> _Assignment_
When you reach the line containing "A traditional building" in the entries below, start writing out each line exactly, and stop after the line containing "Obraz The sun".

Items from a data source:

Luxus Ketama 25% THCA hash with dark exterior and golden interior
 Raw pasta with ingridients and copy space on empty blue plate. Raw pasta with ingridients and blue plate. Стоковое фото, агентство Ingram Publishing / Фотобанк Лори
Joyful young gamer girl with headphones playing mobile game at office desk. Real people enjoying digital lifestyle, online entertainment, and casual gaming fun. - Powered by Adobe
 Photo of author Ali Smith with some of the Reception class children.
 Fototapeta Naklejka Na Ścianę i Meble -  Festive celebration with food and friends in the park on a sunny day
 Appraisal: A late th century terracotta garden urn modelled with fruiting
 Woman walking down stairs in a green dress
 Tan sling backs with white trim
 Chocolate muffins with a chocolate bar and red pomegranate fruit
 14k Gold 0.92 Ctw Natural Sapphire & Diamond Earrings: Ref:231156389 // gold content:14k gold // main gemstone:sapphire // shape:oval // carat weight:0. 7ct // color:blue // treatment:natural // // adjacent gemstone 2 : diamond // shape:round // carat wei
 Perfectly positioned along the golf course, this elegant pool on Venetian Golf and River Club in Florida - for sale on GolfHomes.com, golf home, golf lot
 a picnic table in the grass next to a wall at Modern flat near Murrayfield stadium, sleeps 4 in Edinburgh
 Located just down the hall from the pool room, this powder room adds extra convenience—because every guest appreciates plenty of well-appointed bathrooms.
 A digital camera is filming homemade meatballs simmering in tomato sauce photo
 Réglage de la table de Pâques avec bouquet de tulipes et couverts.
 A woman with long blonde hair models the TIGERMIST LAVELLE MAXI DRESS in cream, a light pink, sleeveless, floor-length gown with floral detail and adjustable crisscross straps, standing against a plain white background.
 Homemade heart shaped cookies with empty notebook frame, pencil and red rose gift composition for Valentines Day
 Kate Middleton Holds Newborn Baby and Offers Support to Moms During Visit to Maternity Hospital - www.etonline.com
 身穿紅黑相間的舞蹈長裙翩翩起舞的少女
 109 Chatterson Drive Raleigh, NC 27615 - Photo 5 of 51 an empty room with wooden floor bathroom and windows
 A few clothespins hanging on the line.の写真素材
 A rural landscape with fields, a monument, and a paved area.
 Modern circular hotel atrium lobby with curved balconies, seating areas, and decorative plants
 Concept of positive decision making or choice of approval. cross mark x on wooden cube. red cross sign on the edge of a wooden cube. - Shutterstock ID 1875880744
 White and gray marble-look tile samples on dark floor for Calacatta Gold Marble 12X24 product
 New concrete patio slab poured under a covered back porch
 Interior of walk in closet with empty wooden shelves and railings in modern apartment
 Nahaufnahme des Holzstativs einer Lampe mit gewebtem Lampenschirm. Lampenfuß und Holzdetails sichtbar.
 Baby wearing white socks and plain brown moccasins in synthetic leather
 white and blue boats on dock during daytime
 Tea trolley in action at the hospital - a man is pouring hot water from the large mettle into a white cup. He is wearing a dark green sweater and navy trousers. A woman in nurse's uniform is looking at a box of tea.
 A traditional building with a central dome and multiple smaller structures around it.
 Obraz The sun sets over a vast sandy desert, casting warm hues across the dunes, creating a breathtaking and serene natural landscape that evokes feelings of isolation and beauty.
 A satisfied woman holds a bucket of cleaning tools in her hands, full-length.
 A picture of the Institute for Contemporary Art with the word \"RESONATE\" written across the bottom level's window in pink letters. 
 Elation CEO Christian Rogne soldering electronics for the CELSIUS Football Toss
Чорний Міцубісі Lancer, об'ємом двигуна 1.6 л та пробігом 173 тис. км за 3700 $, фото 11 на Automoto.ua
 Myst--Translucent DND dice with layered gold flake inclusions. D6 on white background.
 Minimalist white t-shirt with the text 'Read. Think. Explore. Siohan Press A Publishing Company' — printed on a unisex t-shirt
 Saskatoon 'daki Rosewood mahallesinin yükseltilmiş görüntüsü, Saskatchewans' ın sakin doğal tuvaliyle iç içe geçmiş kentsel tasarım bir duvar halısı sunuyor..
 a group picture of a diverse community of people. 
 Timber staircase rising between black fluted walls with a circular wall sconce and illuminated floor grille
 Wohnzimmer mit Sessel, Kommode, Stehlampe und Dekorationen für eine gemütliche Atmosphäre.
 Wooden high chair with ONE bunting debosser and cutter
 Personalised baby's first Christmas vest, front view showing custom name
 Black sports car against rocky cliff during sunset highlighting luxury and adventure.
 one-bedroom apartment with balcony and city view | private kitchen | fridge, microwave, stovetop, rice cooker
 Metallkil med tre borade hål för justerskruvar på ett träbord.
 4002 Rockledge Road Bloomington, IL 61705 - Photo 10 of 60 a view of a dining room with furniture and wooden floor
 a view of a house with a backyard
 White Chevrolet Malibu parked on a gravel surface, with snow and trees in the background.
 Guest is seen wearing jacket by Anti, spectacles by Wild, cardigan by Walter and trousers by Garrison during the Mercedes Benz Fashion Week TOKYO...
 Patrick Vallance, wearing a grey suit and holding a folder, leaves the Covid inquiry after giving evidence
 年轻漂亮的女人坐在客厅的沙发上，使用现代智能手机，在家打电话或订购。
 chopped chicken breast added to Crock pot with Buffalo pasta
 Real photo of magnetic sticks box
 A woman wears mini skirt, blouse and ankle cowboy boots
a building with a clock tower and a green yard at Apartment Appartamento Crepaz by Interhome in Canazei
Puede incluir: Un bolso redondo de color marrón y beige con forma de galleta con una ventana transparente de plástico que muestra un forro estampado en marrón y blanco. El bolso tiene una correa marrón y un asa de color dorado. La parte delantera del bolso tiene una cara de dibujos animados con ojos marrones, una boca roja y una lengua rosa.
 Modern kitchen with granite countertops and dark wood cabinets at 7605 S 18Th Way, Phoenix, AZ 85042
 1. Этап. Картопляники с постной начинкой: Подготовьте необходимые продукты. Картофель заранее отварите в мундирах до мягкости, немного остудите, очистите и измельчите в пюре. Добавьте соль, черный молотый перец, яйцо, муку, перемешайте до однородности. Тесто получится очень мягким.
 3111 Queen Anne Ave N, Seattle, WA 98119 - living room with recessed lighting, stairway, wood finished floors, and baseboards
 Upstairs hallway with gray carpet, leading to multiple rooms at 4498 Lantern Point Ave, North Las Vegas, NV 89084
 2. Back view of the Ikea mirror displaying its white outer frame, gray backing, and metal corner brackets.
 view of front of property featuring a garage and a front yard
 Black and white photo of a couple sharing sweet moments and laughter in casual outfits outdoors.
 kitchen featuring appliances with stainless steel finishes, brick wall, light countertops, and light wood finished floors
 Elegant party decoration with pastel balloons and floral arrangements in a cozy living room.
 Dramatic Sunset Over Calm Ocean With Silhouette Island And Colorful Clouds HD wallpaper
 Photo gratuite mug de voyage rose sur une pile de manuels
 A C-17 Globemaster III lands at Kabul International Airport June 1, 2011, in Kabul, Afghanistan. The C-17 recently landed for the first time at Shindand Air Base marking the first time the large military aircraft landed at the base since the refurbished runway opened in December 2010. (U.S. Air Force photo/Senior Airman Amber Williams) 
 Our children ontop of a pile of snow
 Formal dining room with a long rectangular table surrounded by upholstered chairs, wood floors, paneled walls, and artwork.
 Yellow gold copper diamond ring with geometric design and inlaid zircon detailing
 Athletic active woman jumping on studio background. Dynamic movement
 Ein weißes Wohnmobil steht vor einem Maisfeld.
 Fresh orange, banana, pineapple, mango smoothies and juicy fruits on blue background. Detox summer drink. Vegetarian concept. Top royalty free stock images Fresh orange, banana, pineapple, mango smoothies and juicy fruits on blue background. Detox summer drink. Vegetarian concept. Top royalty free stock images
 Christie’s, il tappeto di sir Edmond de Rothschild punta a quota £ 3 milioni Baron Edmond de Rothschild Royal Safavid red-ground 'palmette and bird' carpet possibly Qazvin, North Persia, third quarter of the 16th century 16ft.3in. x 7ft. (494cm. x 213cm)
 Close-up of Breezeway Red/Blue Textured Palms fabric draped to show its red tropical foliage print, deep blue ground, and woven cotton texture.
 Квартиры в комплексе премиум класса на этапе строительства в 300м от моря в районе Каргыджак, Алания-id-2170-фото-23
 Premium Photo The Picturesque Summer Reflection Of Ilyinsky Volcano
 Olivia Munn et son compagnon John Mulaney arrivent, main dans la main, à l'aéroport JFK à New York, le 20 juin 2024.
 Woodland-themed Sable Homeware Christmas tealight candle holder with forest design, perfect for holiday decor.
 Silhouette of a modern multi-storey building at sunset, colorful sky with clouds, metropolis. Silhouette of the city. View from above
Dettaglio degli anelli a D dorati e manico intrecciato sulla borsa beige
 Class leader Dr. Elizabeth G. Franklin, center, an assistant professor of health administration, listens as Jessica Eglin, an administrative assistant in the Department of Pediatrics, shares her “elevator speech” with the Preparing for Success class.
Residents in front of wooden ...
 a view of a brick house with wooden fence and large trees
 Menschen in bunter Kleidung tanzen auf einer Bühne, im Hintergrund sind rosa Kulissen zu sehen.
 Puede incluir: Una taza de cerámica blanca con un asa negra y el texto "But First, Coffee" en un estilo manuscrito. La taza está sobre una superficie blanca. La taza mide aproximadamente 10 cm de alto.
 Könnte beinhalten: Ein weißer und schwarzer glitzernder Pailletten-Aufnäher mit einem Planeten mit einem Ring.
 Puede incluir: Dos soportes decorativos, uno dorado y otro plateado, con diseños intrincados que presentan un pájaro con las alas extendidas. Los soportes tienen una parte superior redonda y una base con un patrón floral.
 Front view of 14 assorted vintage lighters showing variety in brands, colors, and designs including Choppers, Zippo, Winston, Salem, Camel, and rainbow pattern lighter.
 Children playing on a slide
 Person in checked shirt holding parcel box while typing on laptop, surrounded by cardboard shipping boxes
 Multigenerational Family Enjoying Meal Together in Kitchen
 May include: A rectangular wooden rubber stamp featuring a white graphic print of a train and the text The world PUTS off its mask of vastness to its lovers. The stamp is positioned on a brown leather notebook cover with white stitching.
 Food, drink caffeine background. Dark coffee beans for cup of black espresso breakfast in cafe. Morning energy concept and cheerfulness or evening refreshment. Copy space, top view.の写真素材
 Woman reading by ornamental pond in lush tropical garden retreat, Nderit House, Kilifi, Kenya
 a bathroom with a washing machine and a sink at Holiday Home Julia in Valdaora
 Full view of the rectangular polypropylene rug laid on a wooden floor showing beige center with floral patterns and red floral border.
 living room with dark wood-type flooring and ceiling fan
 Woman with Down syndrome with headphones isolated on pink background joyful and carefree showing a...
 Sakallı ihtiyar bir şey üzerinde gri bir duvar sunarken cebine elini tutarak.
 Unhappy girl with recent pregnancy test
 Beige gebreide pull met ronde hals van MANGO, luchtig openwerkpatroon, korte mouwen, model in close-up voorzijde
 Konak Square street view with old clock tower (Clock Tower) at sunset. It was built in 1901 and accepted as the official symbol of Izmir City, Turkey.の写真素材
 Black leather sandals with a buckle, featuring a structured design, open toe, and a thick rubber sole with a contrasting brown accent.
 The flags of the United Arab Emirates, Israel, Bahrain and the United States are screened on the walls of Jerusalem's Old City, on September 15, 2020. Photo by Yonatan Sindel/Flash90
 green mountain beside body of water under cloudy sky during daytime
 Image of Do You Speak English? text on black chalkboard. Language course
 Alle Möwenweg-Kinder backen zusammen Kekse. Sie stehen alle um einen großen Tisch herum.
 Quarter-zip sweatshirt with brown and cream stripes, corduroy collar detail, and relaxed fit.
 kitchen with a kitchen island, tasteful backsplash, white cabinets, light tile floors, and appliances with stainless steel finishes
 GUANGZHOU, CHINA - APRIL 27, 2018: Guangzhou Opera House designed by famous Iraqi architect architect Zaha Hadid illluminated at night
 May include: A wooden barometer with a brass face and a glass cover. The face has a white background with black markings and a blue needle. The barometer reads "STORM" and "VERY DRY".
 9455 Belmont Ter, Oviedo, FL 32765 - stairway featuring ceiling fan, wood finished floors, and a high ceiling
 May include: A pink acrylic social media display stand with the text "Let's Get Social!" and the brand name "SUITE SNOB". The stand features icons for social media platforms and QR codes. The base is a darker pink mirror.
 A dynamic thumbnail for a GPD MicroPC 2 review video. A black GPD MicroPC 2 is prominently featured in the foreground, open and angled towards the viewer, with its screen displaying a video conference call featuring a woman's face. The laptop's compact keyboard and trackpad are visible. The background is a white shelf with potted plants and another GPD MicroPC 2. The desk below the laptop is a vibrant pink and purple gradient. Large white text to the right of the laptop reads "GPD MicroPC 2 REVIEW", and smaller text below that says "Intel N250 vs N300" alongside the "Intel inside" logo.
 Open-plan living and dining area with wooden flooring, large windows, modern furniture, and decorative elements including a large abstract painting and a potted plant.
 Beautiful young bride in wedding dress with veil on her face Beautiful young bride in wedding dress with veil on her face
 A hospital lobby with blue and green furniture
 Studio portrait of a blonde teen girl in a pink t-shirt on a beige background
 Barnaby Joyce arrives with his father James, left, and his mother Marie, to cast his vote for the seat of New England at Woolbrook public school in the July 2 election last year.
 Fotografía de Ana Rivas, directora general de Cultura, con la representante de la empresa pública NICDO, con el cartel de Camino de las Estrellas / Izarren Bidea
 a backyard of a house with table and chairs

> _Task result_
 A traditional building with a central dome and multiple smaller structures around it.
 Obraz The sun sets over a vast sandy desert, casting warm hues across the dunes, creating a breathtaking and serene natural landscape that evokes feelings of isolation and beauty.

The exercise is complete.